The great failing in the whole divisive debate over Brexit is that it has never really addressed the means by which – to adapt the words of the famous eurosceptic slogan – control could be regained.
The argument has focused instead on Brussels and on a narrow range of economic pluses and minuses, while it should have been over who runs Britain in an era of globalisation when the power of the nation state is everywhere being eroded.
No wonder this is provoking a nationalist and populist reaction across the world, stirring discontent from Wisconsin to Yorkshire and Paris to Damascus. Mention of the Syrian capital is not accidental; globalisation was one unrecognised ingredient in the eruption of the Arab Spring in 2011.
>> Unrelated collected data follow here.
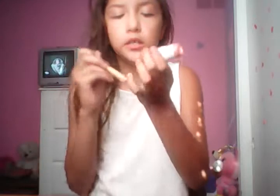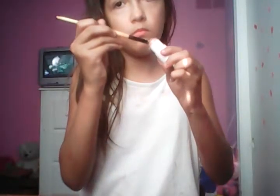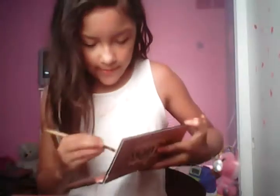Back to the makeup — I'm gonna use this brush to apply it. You put it on like that. My mom's here, I'm just gonna apply it. My mom just came home from the lotion store. I'm just gonna put on the eyeshadow.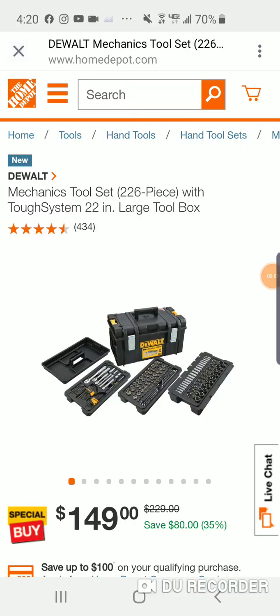Hey guys, real quick - my man from Montana just sent this over to me. It's a new mechanics toolkit. You have to tell yourself, whatever Milwaukee kind of has, we know DeWalt is coming out with a couple ratchet sets. Some of the hand tools are going to be sold within their Pack Out system, in their smaller Pack Out boxes.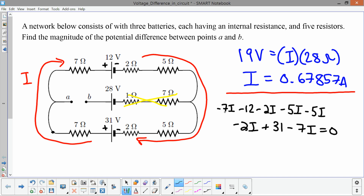Combining all the resistor terms: negative 7I minus 2I minus 5I minus 5I minus 2I minus 7I equals negative 28I. And 31 minus 12 equals 19. So we get 19 = 28I, giving the same current of 0.67857 amps — confirming both methods agree.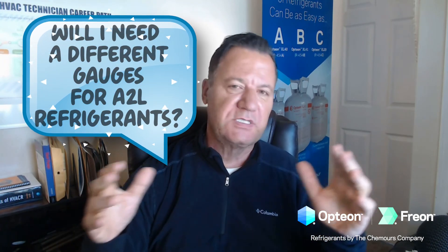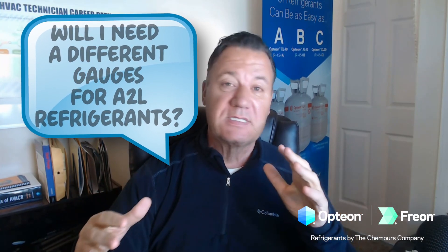Hi everyone, Don Gillis back with another Chill Zone Minute. Today's frequently asked question: will I need to buy new refrigerant gauges for these new A2L refrigerants? And the answer is yes and no, and here's what I mean by that.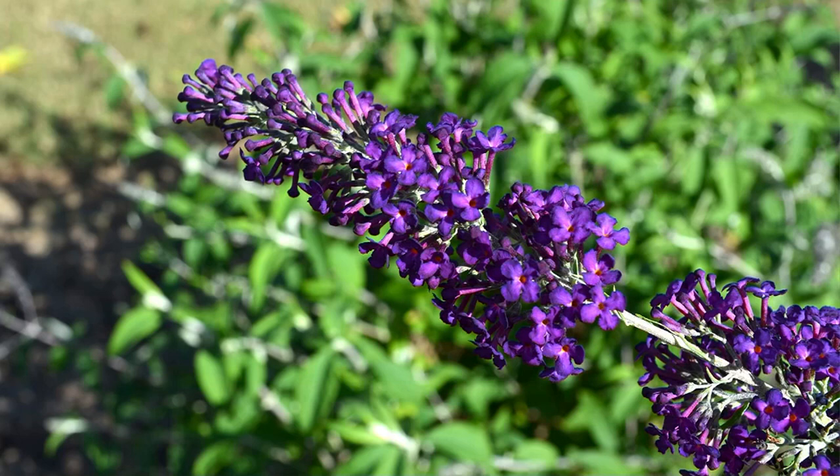Now let's talk about this 2-in-1 Buzz Butterfly Bush Plant. This is new — really, really beautiful.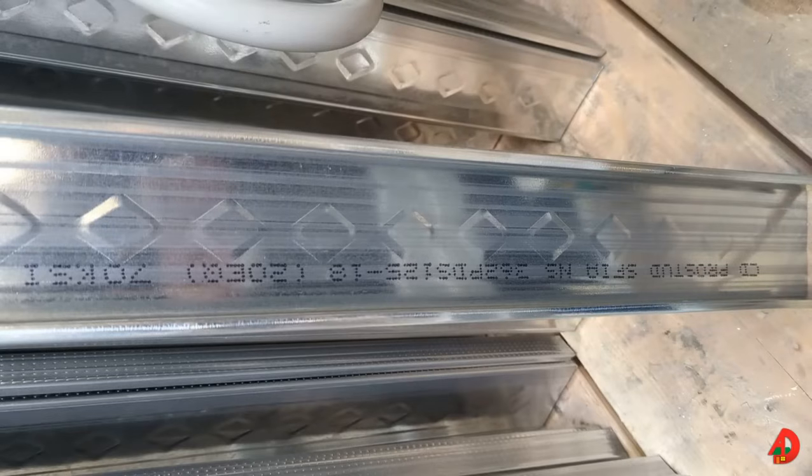Metal framing is a method of constructing using heavy and light gauge steel. Today, light gauge steel is specified for residential, light commercial, and heavy commercial structures.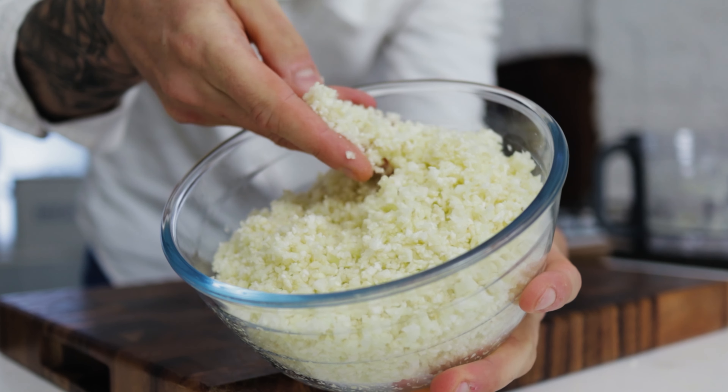Then slice off the florets. You can use some of the softer core, but we don't want to use the big hard bit of core at the bottom. Once you've removed all the florets from the cauliflower, stick those into a bowl. We're going to want to get ourselves a blender — chuck your cauliflower into a blender.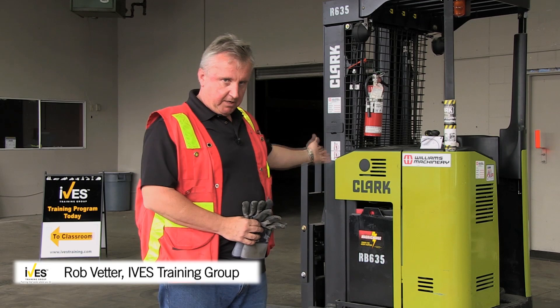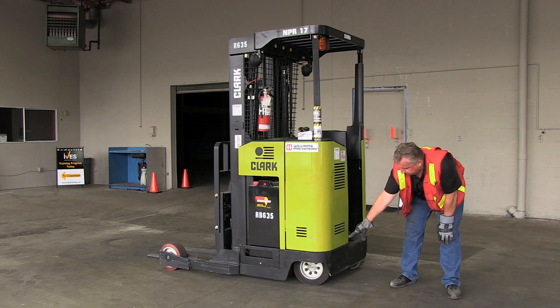Today I'm going to give you a detailed introduction to the machine you see behind me here, which is a narrow aisle reach truck. You can see the drive and steer tire here, right below the steering mechanism. You can also see this pedal here — something unique to stand-up type machines — called a drive or function enable pedal.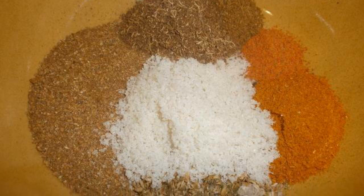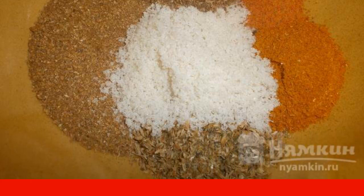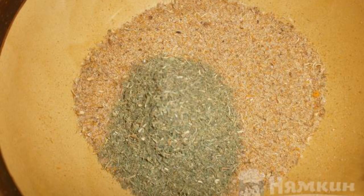Dill seeds must be ground in a coffee grinder. Put all the spices in a deep bowl and add salt to them. Mix the contents and divide into two equal parts.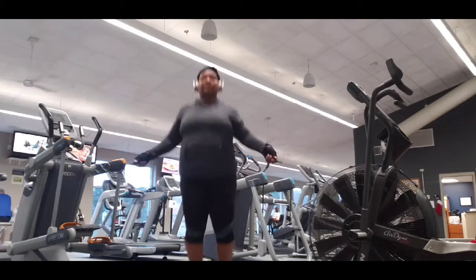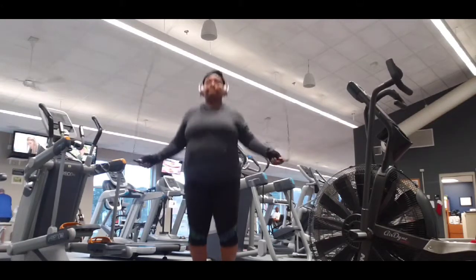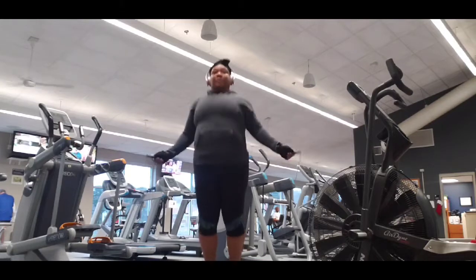Okay guys, today is just a short video to show you all the cardio that I did after leg day. It is good old jump rope, and I know you guys can see that it's jump rope from the video, but I still gotta let you know what I did.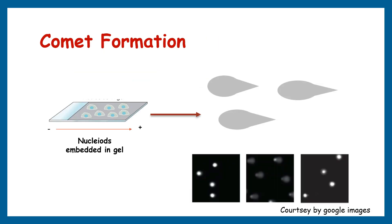Now let's take a closer look at how the comet structures are formed. When the electric field is applied during electrophoresis, the negatively charged DNA fragments migrate towards the anode. The damaged DNA fragments, which are more fragmented and have less intact DNA strands, migrate faster and farther away from the nucleus. This differential migration creates the characteristic comet shape, with the head representing the intact DNA and the tail representing the damaged DNA fragments.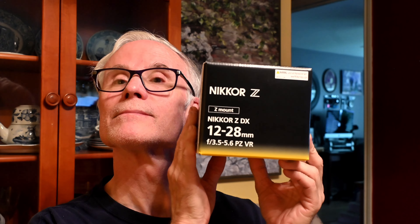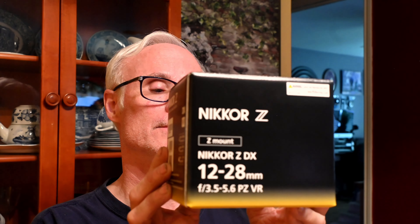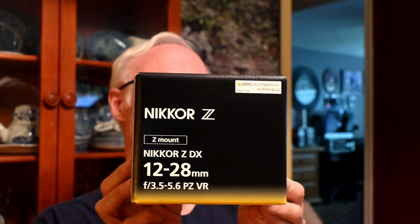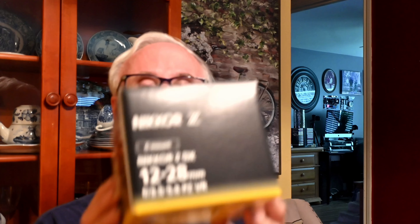I've got the 12 to 28 DX. It's a PZ — stabilized. You have 3.5 and 5.6. You're viewing on me now. It's at 5.6. And if I do the zoom, now it should be at 3.5.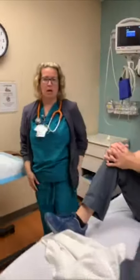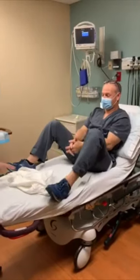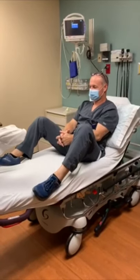Now Tana will demonstrate how to set up the gyne bed, using our patient here who is expected to be 12 weeks pregnant and is experiencing some vaginal bleeding.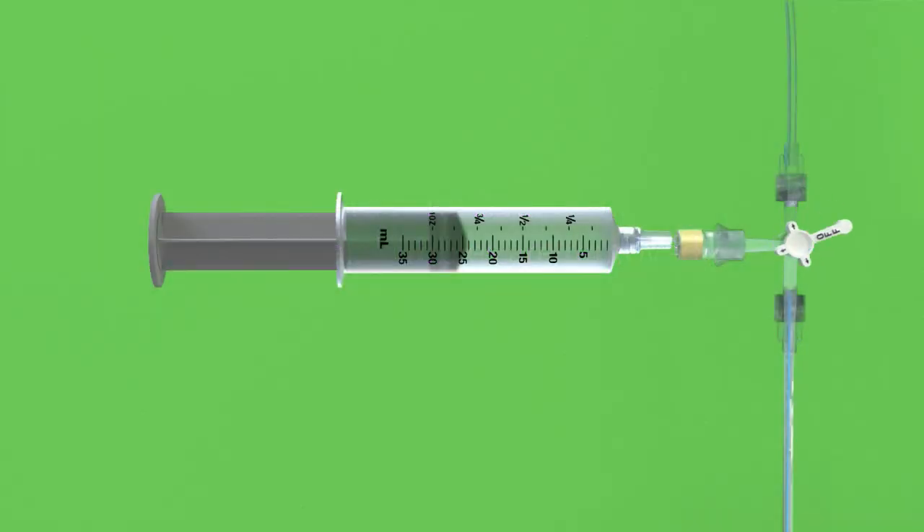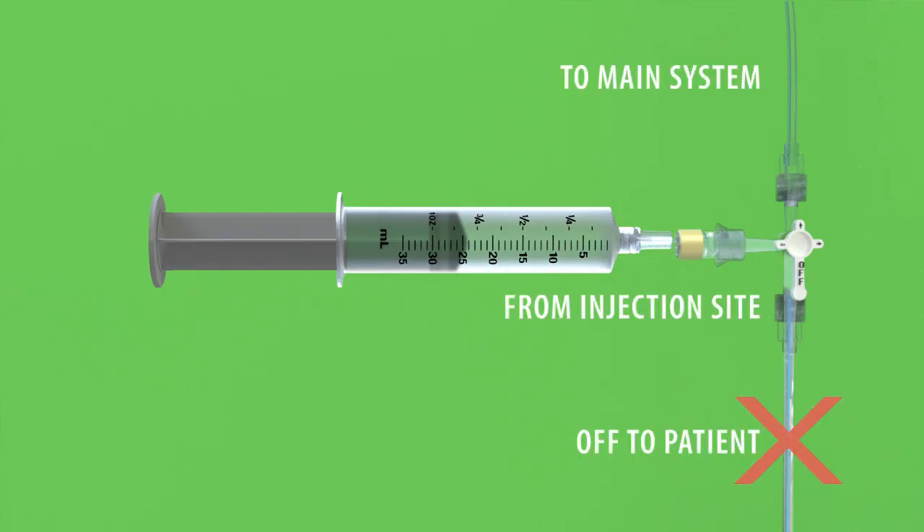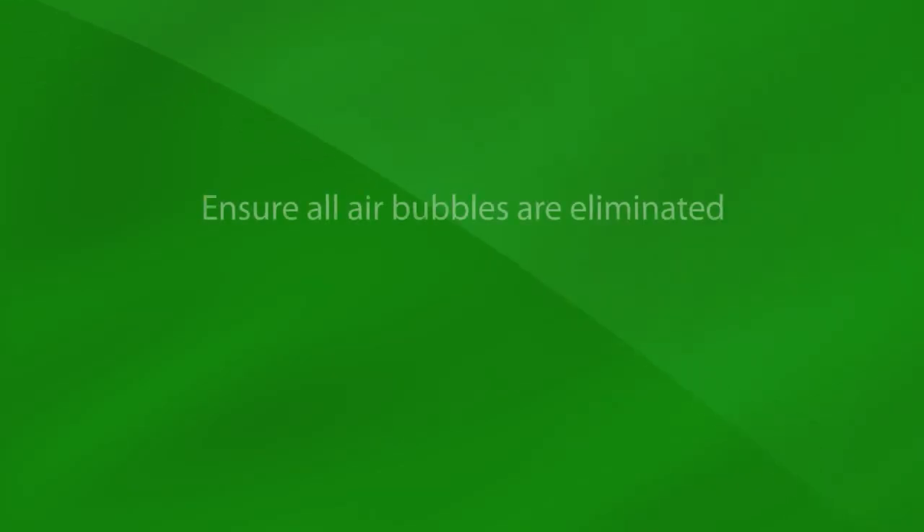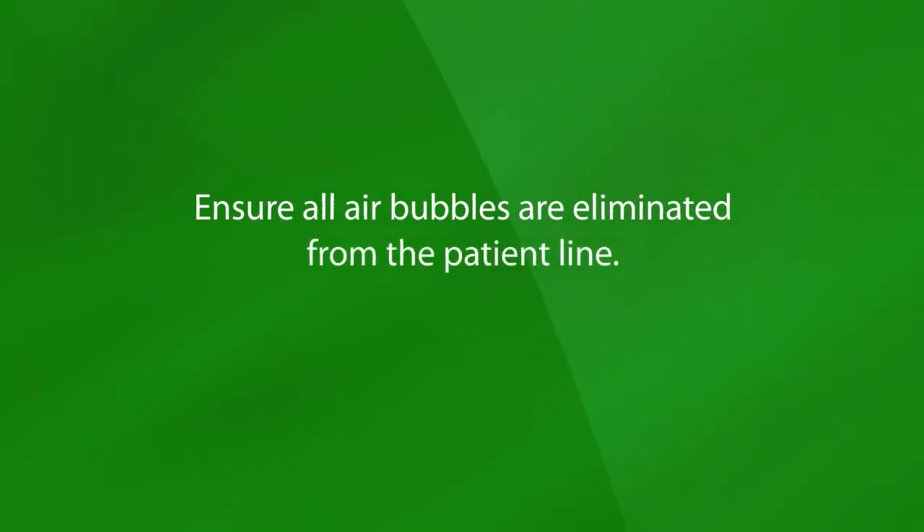Rotate the patient line stopcock 180 degrees so that it is off to the portion of tubing which connects to the patient's catheter. Now, fluid can be pushed from the injection site in the direction of the drip chamber. Prime the patient line all the way through to the drip chamber. Ensure all air bubbles are eliminated from the patient line.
The anti-Brexit forces made a disastrous mistake in treating the issue of the relations with the EU as if it was all about economics and immigration. Instead of treating the nation state and its history as slightly absurd and certainly outdated, they should have promoted the EU as a way of enhancing the power of the nation state by pooling sovereignty in order to re-empower individual EU members.
The baffled anger of the pro-Brexit politicians over why they are being pushed around by Ireland during the Brexit negotiations shows that they do not understand why EU solidarity ensures that the balance of power is against Britain every step of the way – and there is no reason why this this should change for the better.
None of the British political parties have ever faced up to the question of how they would maintain Britain’s position as a nation state as it is hit by the all-embracing impact of globalisation.
Instead, Brussels and the EU became the symbols of these frustrations and discontents, but neither Labour nor Conservative parties ever plotted an alternative course other than promising to maintain a status quo that was increasingly burdensome to a growing number of people.
Labour has always supported national self-determination as the right vehicle for nations escaping colonialism or otherwise seeking to gain independence. But when it comes to Britain – and above all England – Labour has always had an uncomfortable relationship with nationalism, suspecting it of being disguised racism or, at the very best, a diversion from essential social and economic reforms.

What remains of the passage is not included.